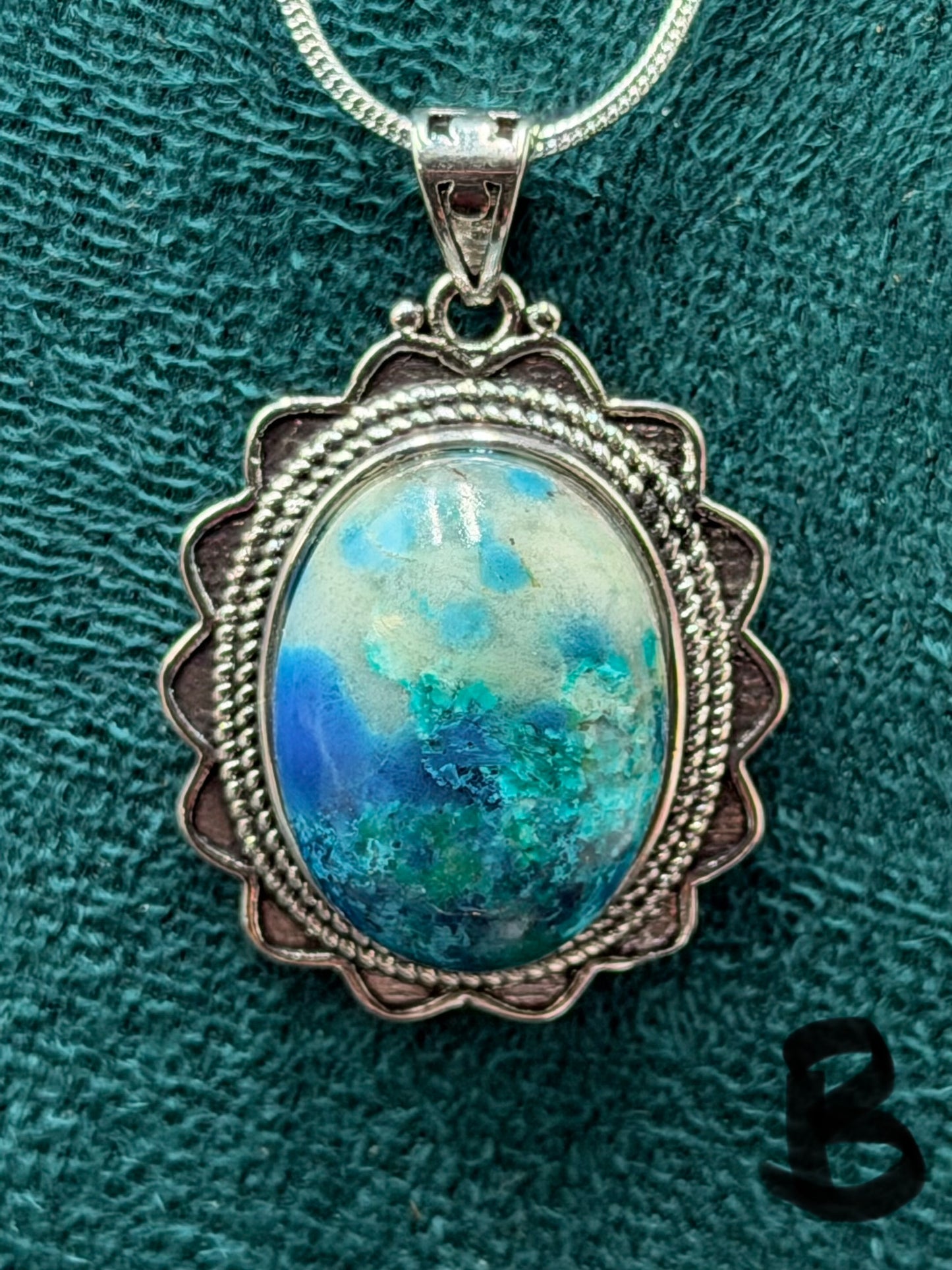 Chrysocolla Pendant Necklace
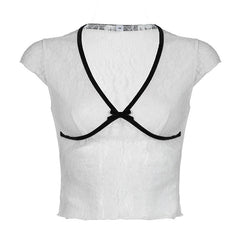 Meredith Ruin – Camisole-Oberteil aus doppelter Spitze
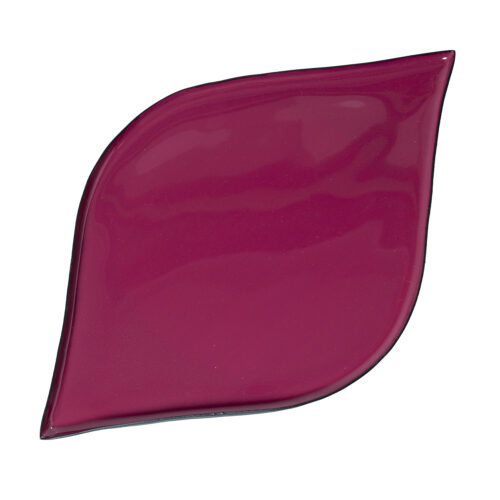 BANDEJA METAL ESMALTADO ROSA O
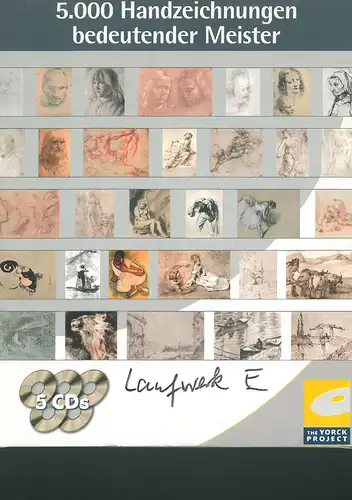 5.000 Handzeichnungen bedeutender Meister. 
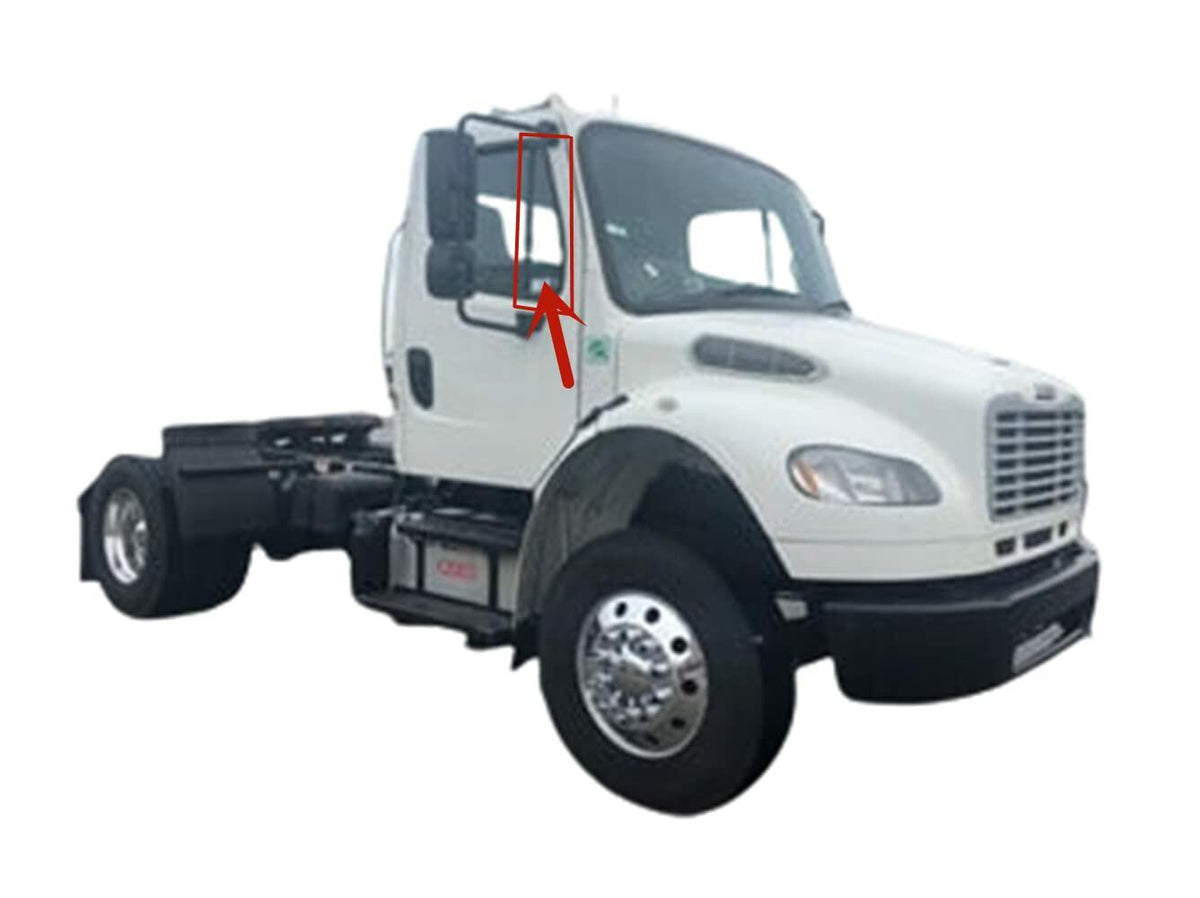 Stationary Style Passenger Right Side Front Vent Window Vent Glass Compatible With Freightliner Business Class M2 2003-2025 Models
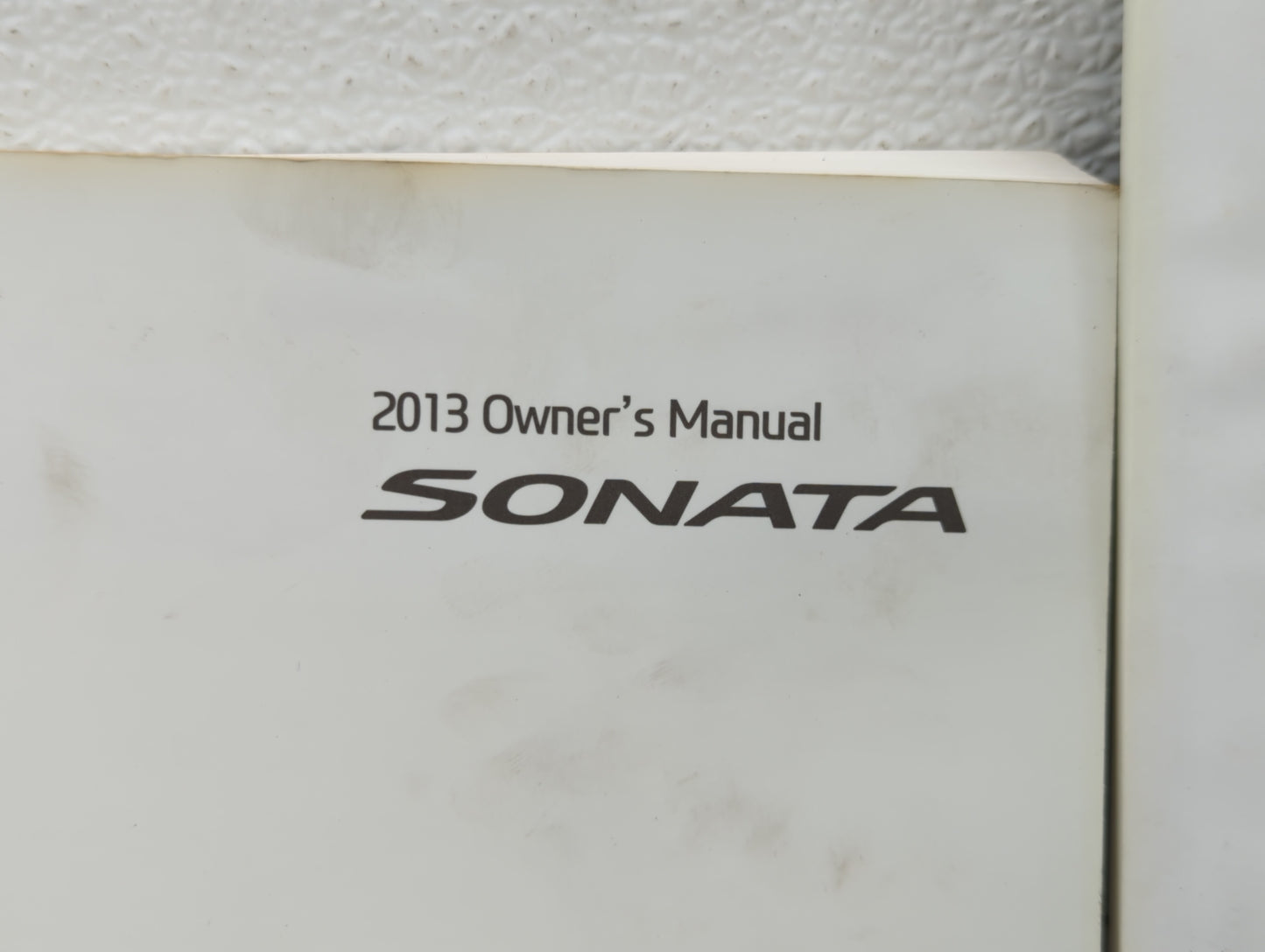 2013 Hyundai Sonata Owners Manual Book Guide OEM Used Auto Parts - Oemusedautoparts1.com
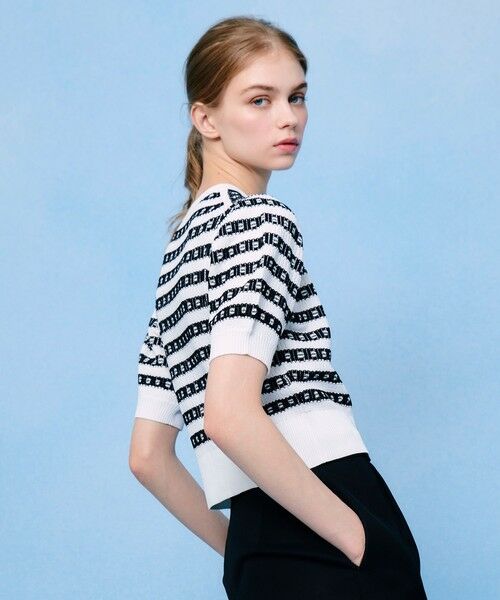 allureville / アルアバイル カーディガン・ボレロ | 【LOULOU WILLOUGHBY】リボンボーダーカーディガン | 詳細22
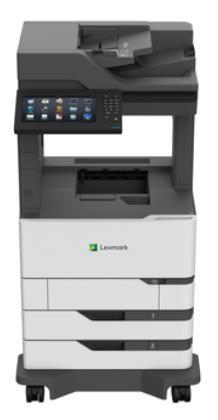 Multifunctional Laser Lexmark MX822ADE, A4, monocrom, Fax, Retea, Duplex, ADF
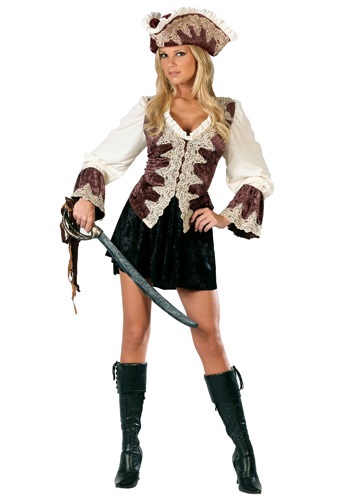 Ladies Royal Pirate Costume By: Fun World for the 2022 Costume season.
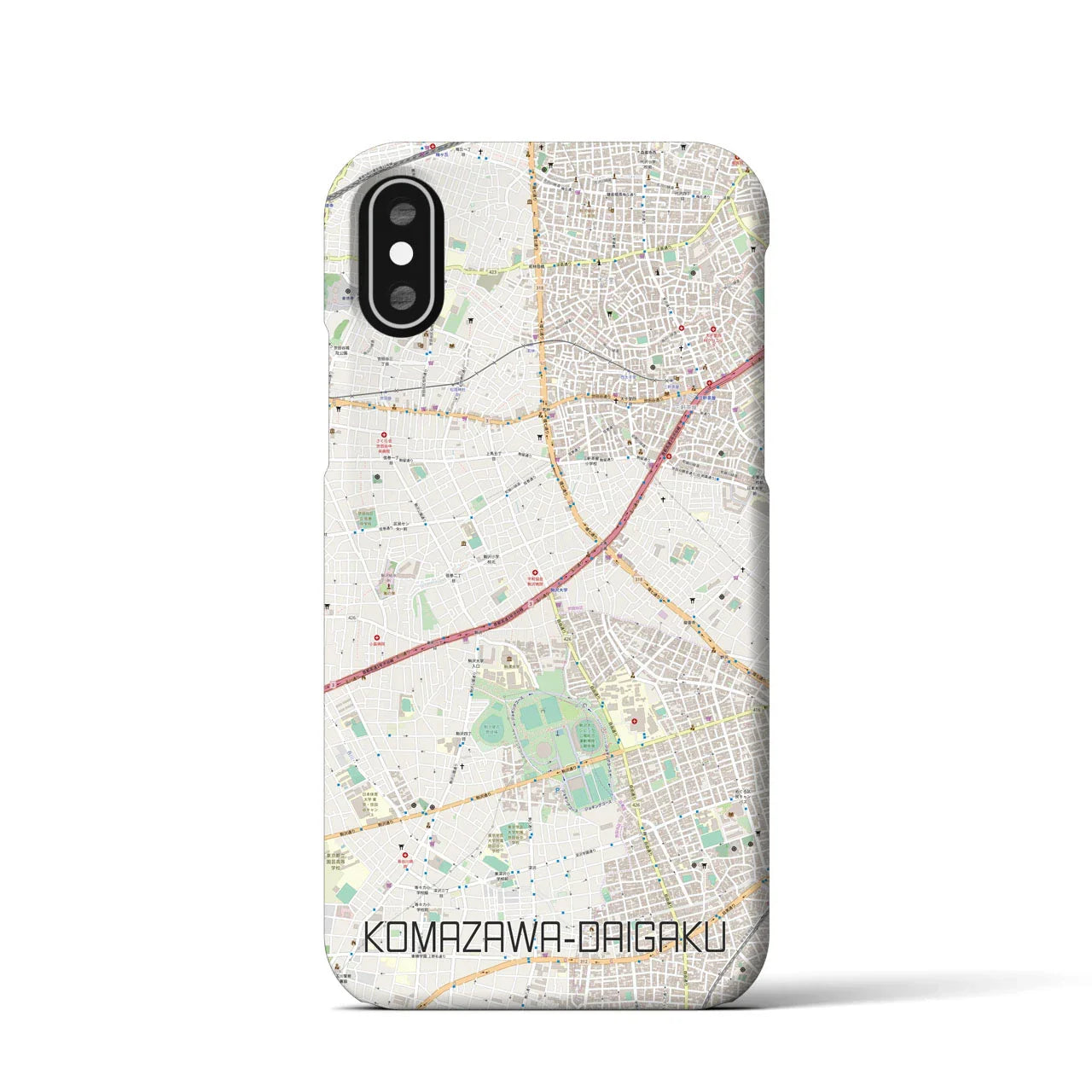 【駒沢大学(東京都)】地図柄iPhoneケース(バックカバータイプ)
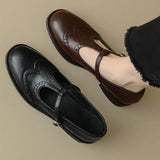LEONA™ – RETRO BROGUE-SANDALER I LÆDER TIL KVINDER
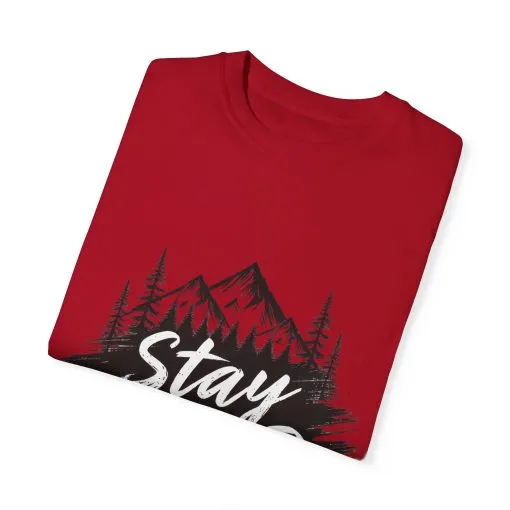 Stay Wild Unisex Garment-Dyed T-Shirt for Adventure Lovers - Image 58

===

Problem statement>
Reproduce the material above from its first line through the line containing "Multifunctional Laser Lexmark", both ends included, and skip every picture.

Answer to the exercise>
 Chrysocolla Pendant Necklace
 Meredith Ruin – Camisole-Oberteil aus doppelter Spitze
 BANDEJA METAL ESMALTADO ROSA O
 5.000 Handzeichnungen bedeutender Meister. 
 Stationary Style Passenger Right Side Front Vent Window Vent Glass Compatible With Freightliner Business Class M2 2003-2025 Models
 2013 Hyundai Sonata Owners Manual Book Guide OEM Used Auto Parts - Oemusedautoparts1.com
 allureville / アルアバイル カーディガン・ボレロ | 【LOULOU WILLOUGHBY】リボンボーダーカーディガン | 詳細22
 Multifunctional Laser Lexmark MX822ADE, A4, monocrom, Fax, Retea, Duplex, ADF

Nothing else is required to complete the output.